BEGIN
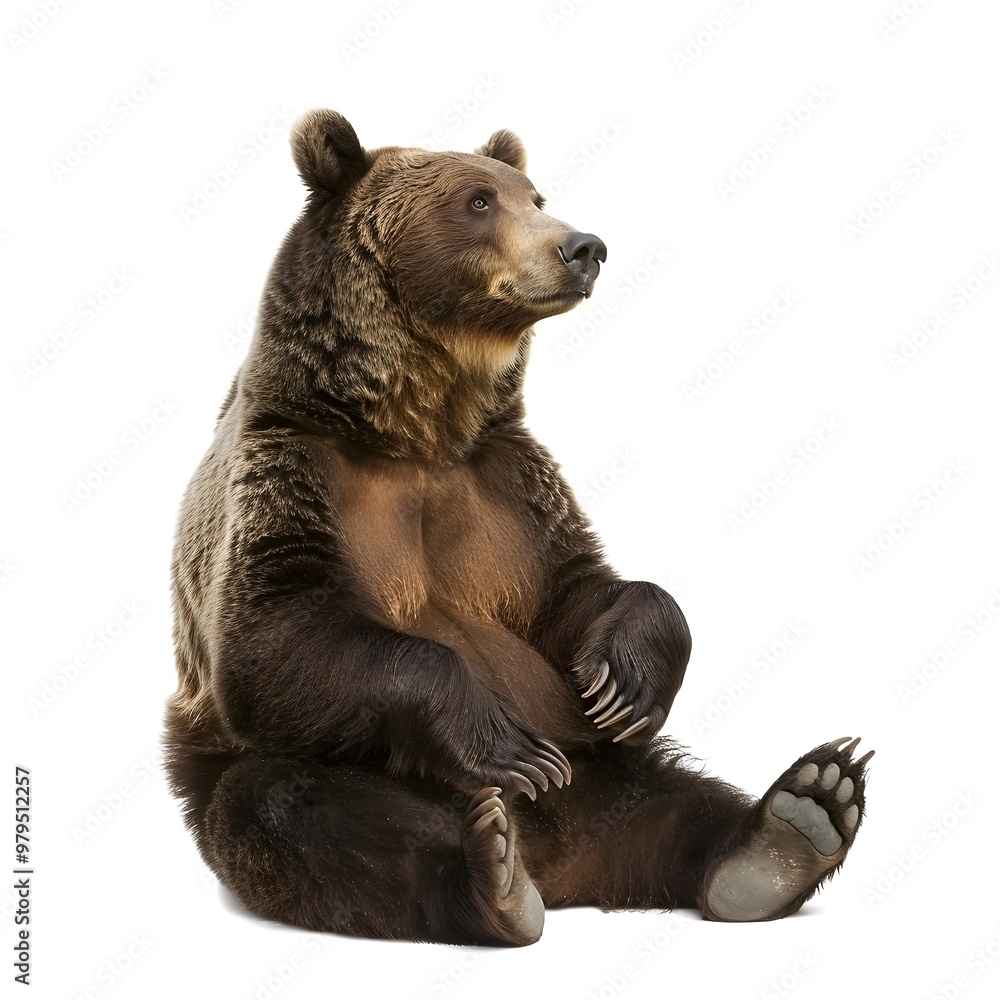 Fototapeta premium Grizzly Bear Sitting Calmly with Front Paws Resting on the Ground, Isolated on a White Background with Detailed Fur and Natural Lighting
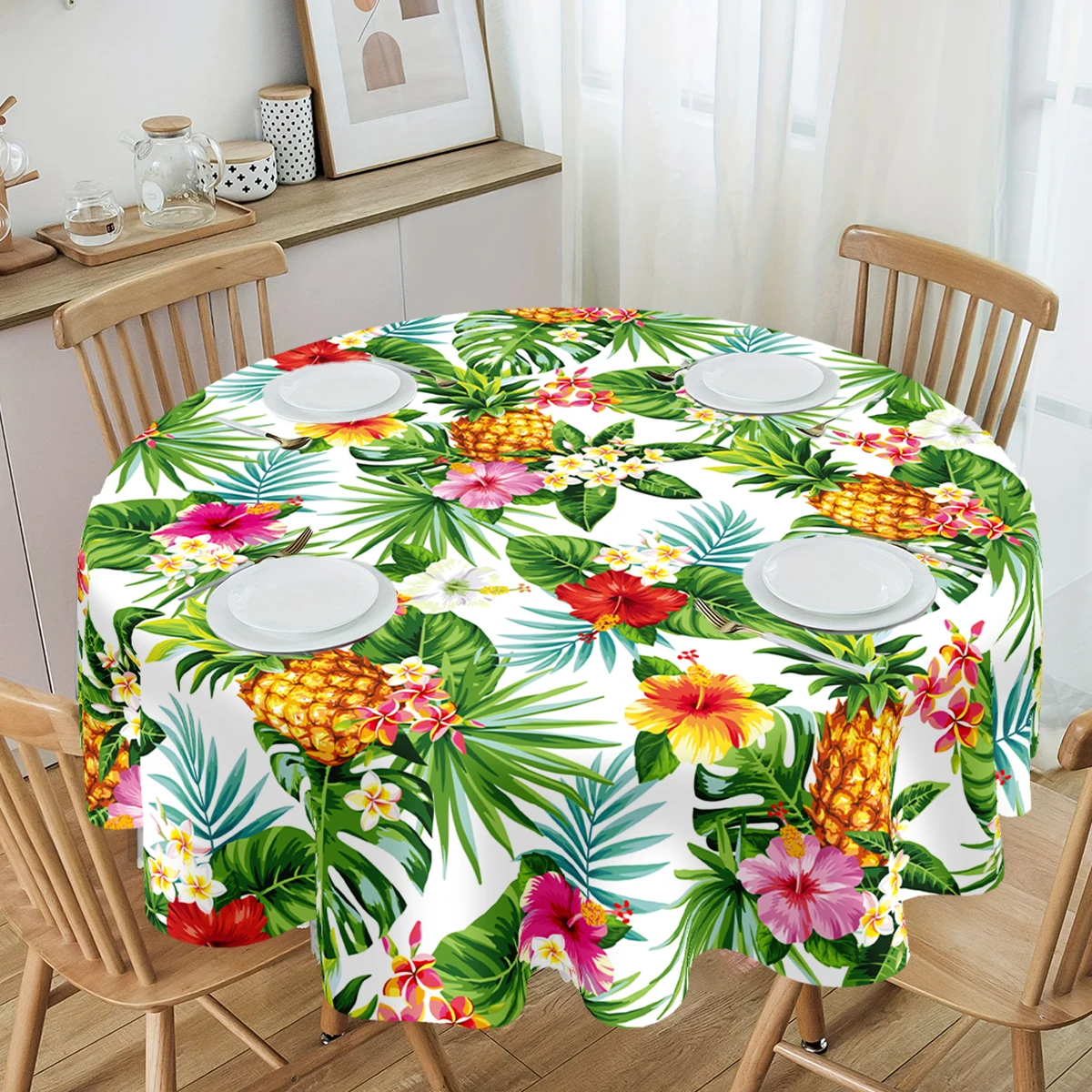Hawaiian Flamingo Hibiscus Flower Table Runner Aloha Summer Tropical leaves Plastic Table Flag Happy Birthday Party Decorations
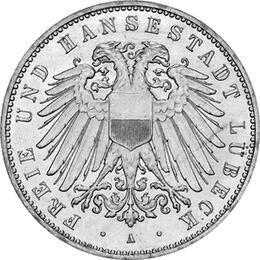 Jaeger 83 Lübeck 5 Mark großes Wappen 1904-1913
END
→ **Activity**
Full copy, no pictures: write out each line of the data exactly as it stands.

→ **Reply**
 Fototapeta premium Grizzly Bear Sitting Calmly with Front Paws Resting on the Ground, Isolated on a White Background with Detailed Fur and Natural Lighting
Hawaiian Flamingo Hibiscus Flower Table Runner Aloha Summer Tropical leaves Plastic Table Flag Happy Birthday Party Decorations
 Jaeger 83 Lübeck 5 Mark großes Wappen 1904-1913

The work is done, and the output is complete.